Monday, 30 January 2017

The Oedipal heroine

Drawing on Freud's theory of the libido and the female Oedipal trajectory, feminists extended Mulvey's application of the theory to argue for a bisexual gaze. Perhaps the spectator did not identify in a monolithic, rigid manner with his or her gender counterpart, but actually alternated between masculine-active and feminine-passive positions, depending on the codes of identification at work in the film text.

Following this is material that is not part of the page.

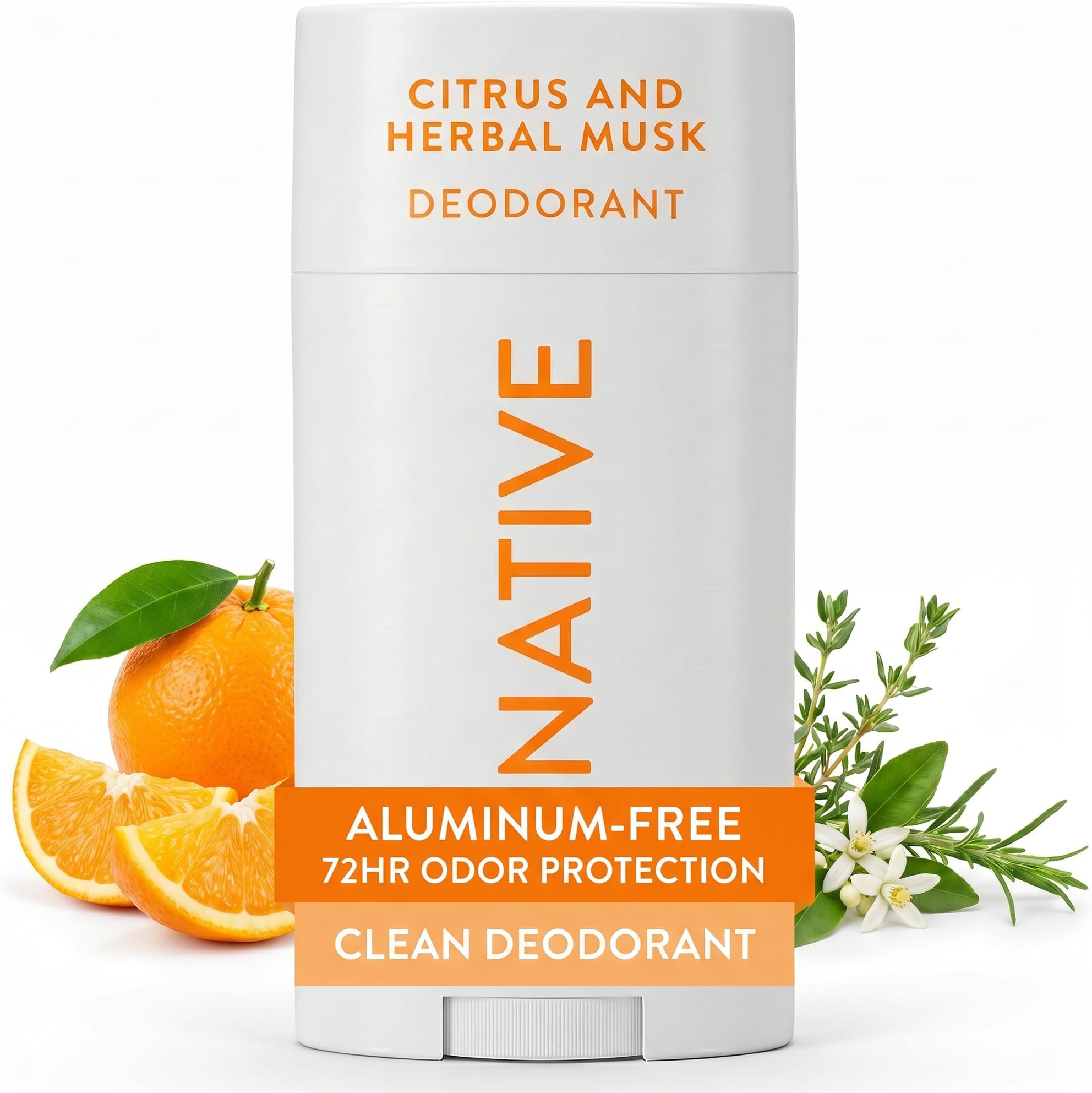 Native Deodorant - Natural Deodorant - Vegan, Gluten Free, Cruelty Free - Free of Aluminum, Parabens & Sulfates - Born in the USA - Citrus & Herbal Musk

In a reading of Hitchcock's Rebecca (USA, 1940), Tania Modleski (1982) argued that when the daughter goes through the Oedipus complex - although she gives up her original desire for her mother, whom she blames for not giving her a penis, and turns to the father as her love object - she never fully relinquishes her first love. Freud also argued that the girl child, unlike the boy, is predisposed towards bisexuality. The girl's love for the mother, although repressed, still exists. In Rebecca the unnamed heroine experiences great difficulty in moulding herself to appeal to the man's desire. When she most imagines she has achieved this aim, the narrative reveals that she is 'still attached to the "mother", still acting out the desire for the mother's approbation' (1982: 38). Recently, the notion of the female Oedipal trajectory has been invoked in a series of articles published in Screen (1995) on Jane Campion's The Piano (New Zealand, 1993), which suggests that these debates are still of great relevance to film theory.

Other work raised related issues. In The Desire to Desire (1987), Mary Ann Doane turned her attention to the 'woman's film' and the issue of female spectatorship. Janet Bergstrom, in 'Enunciation and Sexual Difference' (1979), questioned the premise that the spectator was male, while Annette Kuhn, in The Power of the Image (1985), explored cross-dressing, bisexuality, and the spectator in relation to the film Some Like it Hot (USA, 1959).